Sterne's text is filled with allusions and references to the leading thinkers and writers of the 17th and 18th centuries. Pope, Locke, and Swift were all major influences on Sterne and Tristram Shandy. It's easy to see that the satires of Pope and Swift formed much of the humor of Tristram Shandy, but Swift's sermons and Locke's Essay Concerning Human Understanding contributed ideas and frameworks that Sterne explored throughout his novel. Sterne's engagement with the science and philosophy of his day was extensive, however, and the sections on obstetrics and fortifications, for instance, indicate that he had a grasp of the main issues then current in those fields.

Three influences on Tristram Shandy overshadow all others: Rabelais, Cervantes, and John Locke. Sterne had written an earlier piece called A Rabelaisian Fragment, which indicates his familiarity with the work of the French monk. But the earlier work is not needed to see the influence of Rabelais on Tristram Shandy, which is evident in multiple allusions, as well as in the overall tone of bawdy humor centered on the body. The first scene in Tristram Shandy, where Tristram's mother interrupts his father during the sex that leads to Tristram's conception, testifies to Sterne's debt to Rabelais. The shade of Cervantes is similarly present throughout Sterne's novel. The frequent references to Rosinante, the character of Uncle Toby (who resembles Don Quixote in many ways) and Sterne's own description of his characters' 'Cervantic humour', along with the genre-defying structure of Tristram Shandy, which owes much to the second part of Cervantes' novel, all demonstrate the influence of Cervantes. The novel also makes brilliant use of John Locke's theories of empiricism, or the way we assemble what we know of ourselves and our world from the "association of ideas" that come to us from our five senses. Sterne is by turns respectful and satirical of Locke's theories, using the association of ideas to construct characters' "hobby-horses," or whimsical obsessions, that both order and disorder their lives in different ways.

The novel, as it stands, is seen by some as an elaborate and ingeniously-executed pun. Today, the novel is seen as a forerunner of later stream of consciousness and postmodern writing.
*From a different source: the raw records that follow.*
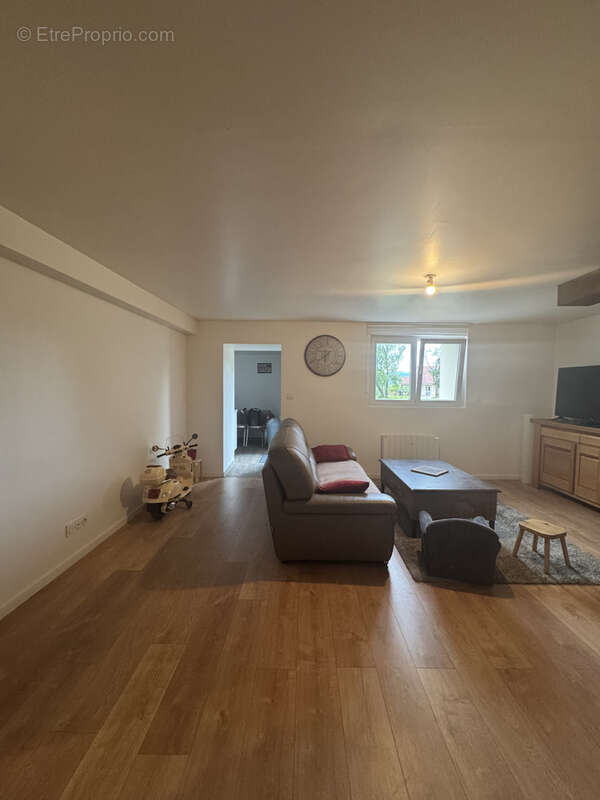 Appartement à EVETTE-SALBERT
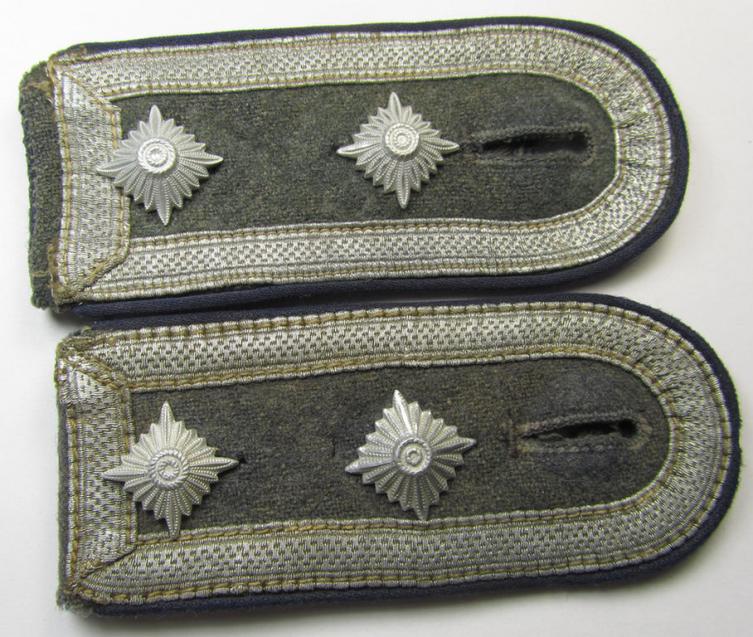 Neat - and/or fully matching! - pair of WH (Luftwaffe) NCO-type shoulderstraps, as piped in the darker-blue-coloured branchcolour as was intended for - and clearly used by! - an: 'Oberfeldwebel der Sanitäts-Truppen'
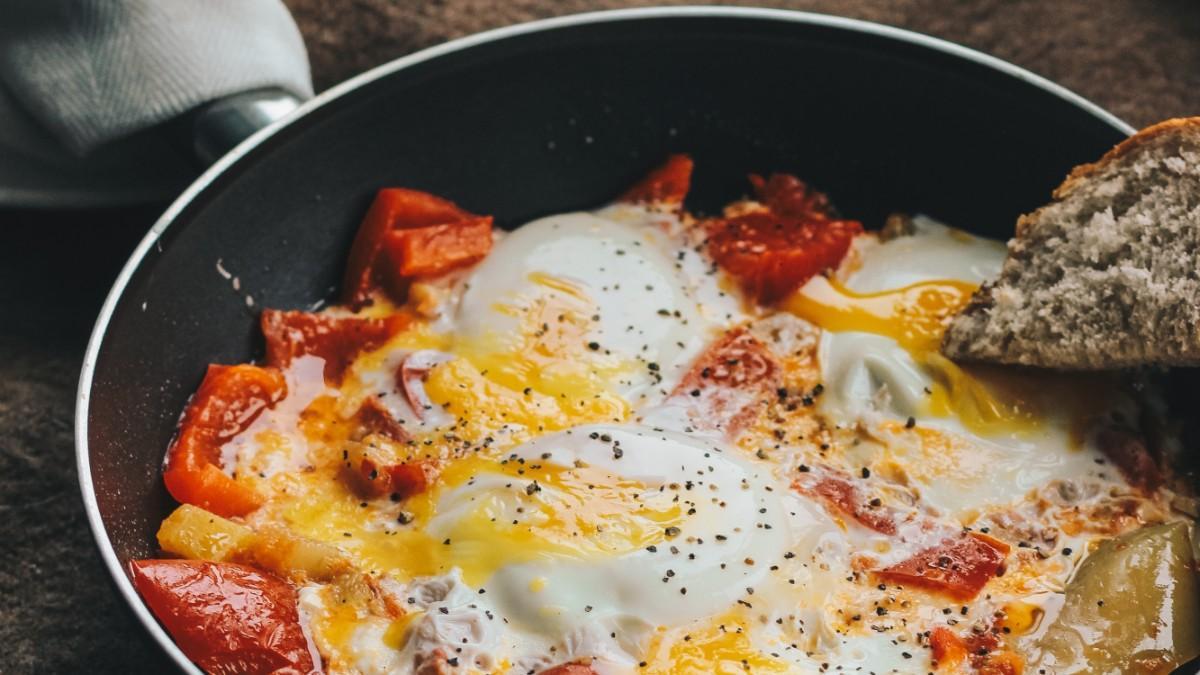 Adiós a la sartén: Esta es la forma correcta de cocinar huevos revueltos
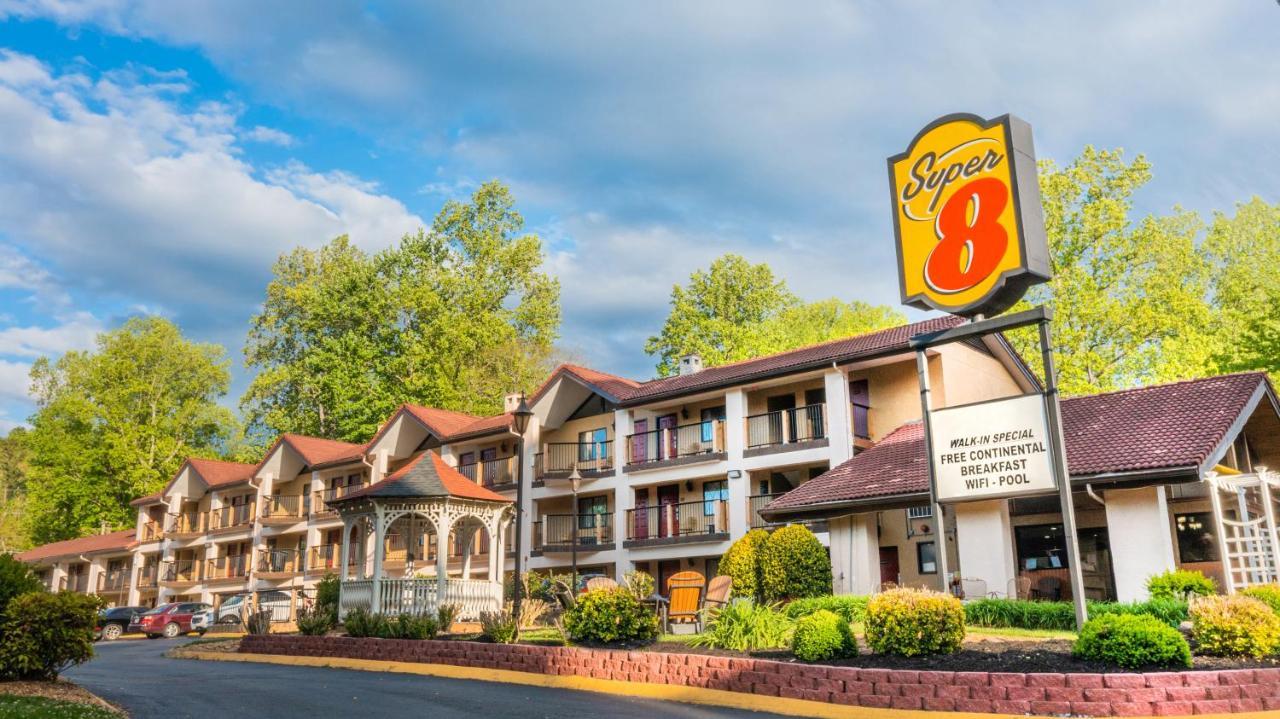 Super 8 By Wyndham Downtown Gatlinburg At Convention Center Otel Dış mekan fotoğraf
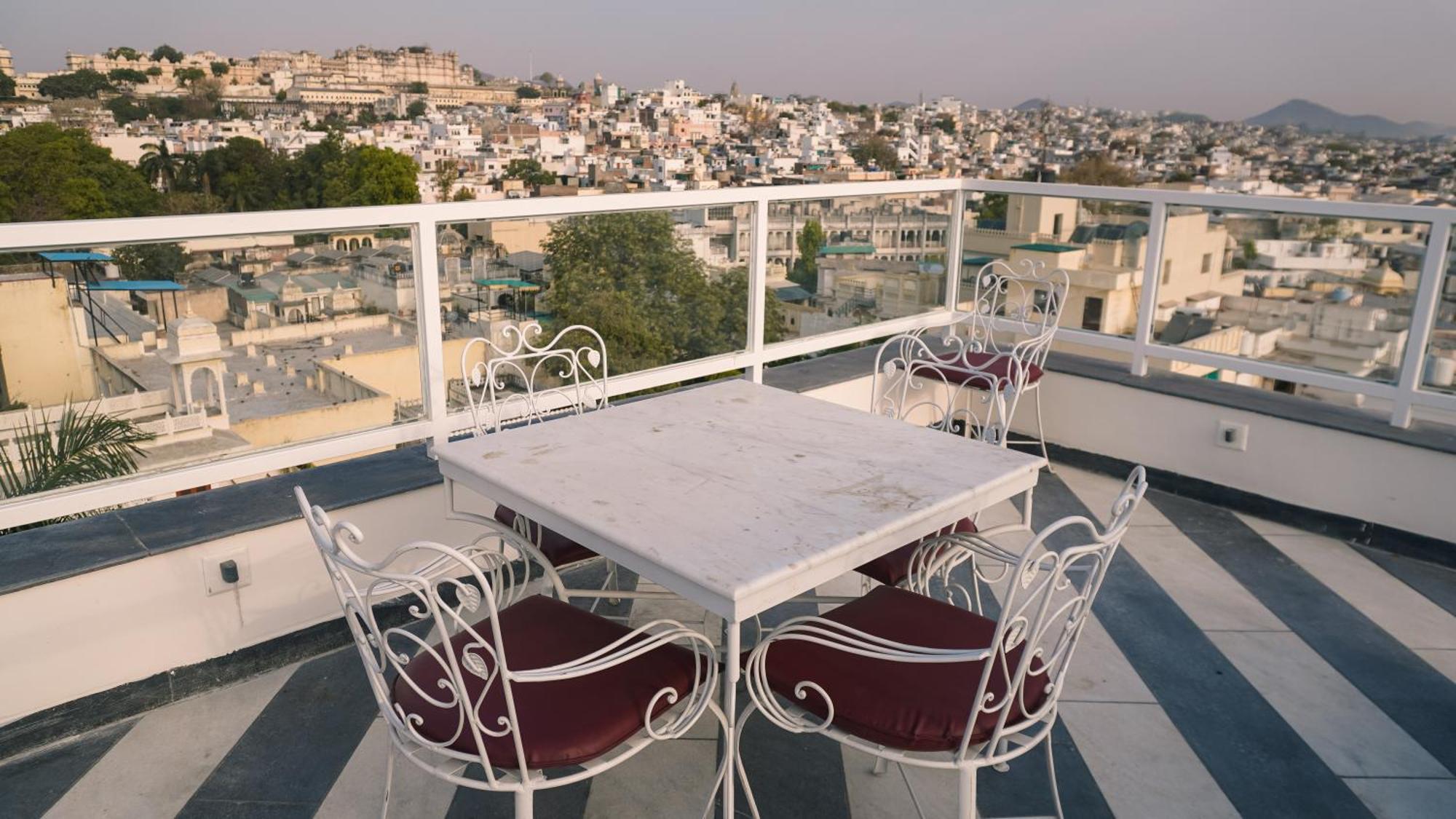 Hotel Naren Villa Udaipur Buitenkant foto
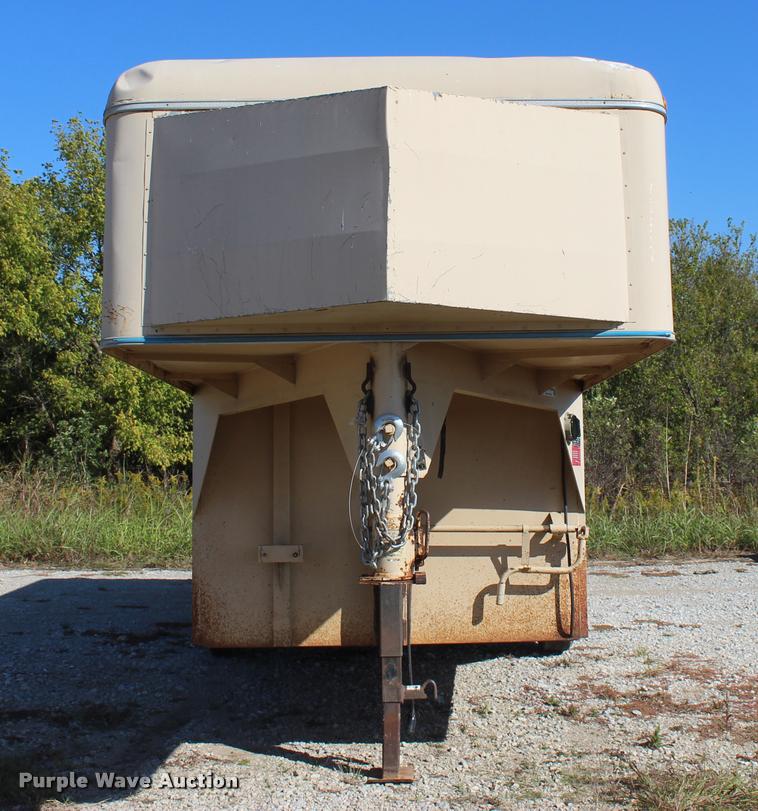 image for item L4831 1994 WW enclosed cargo trailer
Tristram Shandy has been adapted as a graphic novel by cartoonist Martin Rowson. It has also been adapted on film in 2006 as A Cock and Bull Story, directed by Michael Winterbottom.

The Skull and Bones secret society is rumoured [2] to use characters from Tristram Shandy in its rituals.

The novel has been cited by John Updike as the one novel he wants to read before he dies. --http://en.wikipedia.org/wiki/The_Life_and_Opinions_of_Tristram_Shandy%2C_Gentleman [Jan 2006]

A Cock and Bull Story is a 2006 British film directed by Michael Winterbottom. It is an adaptation of the novel The Life and Opinions of Tristram Shandy, Gentleman by Laurence Sterne.